§ Goal of the exercise:
A word-for-word copy of all entries is required, without images.

*** Opening of Record excerpts ***

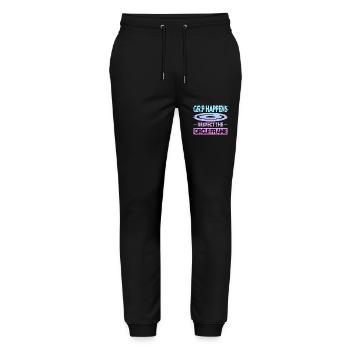 Grip Happens Respect The Circle Frame - Stanley/Stella Unisex Bio Jogginghose Mover  - Schwarz - Vorne - Marisol (170cm) & Nik (191cm)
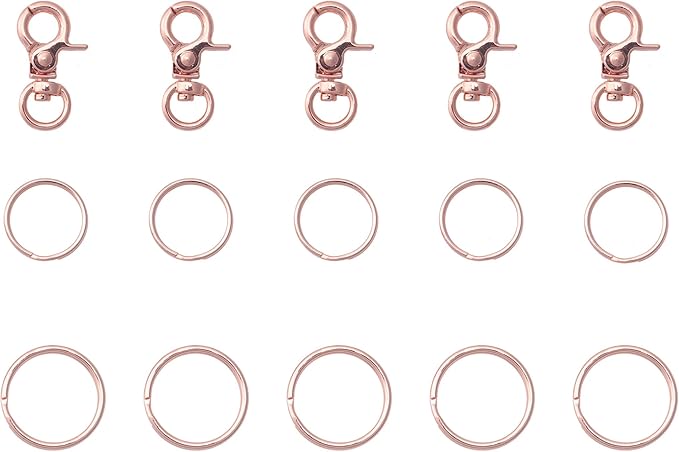 5 Pcs Dog Tag Clips with 5 Pcs 3/4 Inch Keychain 5 Pcs 1 Inch Keychain MultiPurpose Metal Dog Tag Rings for Pet Kitten Cat Collars ID Holder Harnesses (Rose Gold)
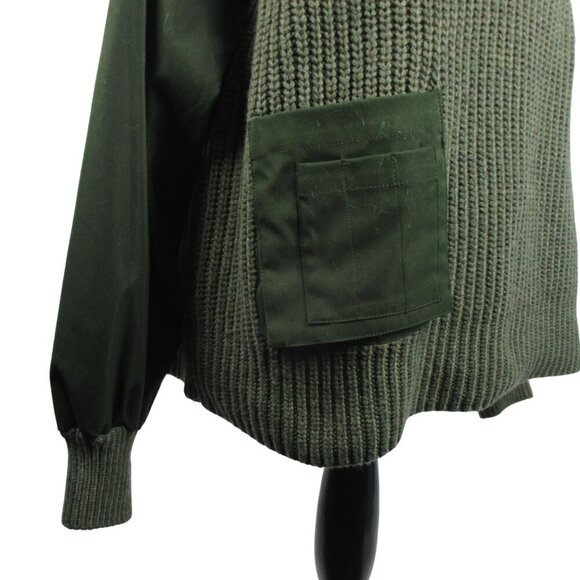 Zara olive Army Green Mixed Material Knit Sweater Mock Neck Utility Size L - Picture 3 of 7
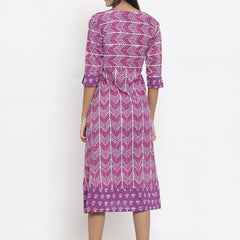 Indibelle Cotton Purple Geometric Print A-line Dress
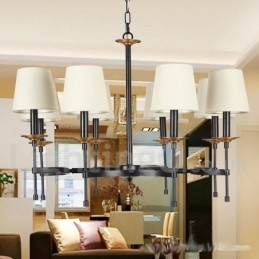 Lampadario retrò rustico nero a 8 luci con paralumi in tessuto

*** Close of Record excerpts ***

§ Response below:
 Grip Happens Respect The Circle Frame - Stanley/Stella Unisex Bio Jogginghose Mover  - Schwarz - Vorne - Marisol (170cm) & Nik (191cm)
 5 Pcs Dog Tag Clips with 5 Pcs 3/4 Inch Keychain 5 Pcs 1 Inch Keychain MultiPurpose Metal Dog Tag Rings for Pet Kitten Cat Collars ID Holder Harnesses (Rose Gold)
 Zara olive Army Green Mixed Material Knit Sweater Mock Neck Utility Size L - Picture 3 of 7
 Indibelle Cotton Purple Geometric Print A-line Dress
 Lampadario retrò rustico nero a 8 luci con paralumi in tessuto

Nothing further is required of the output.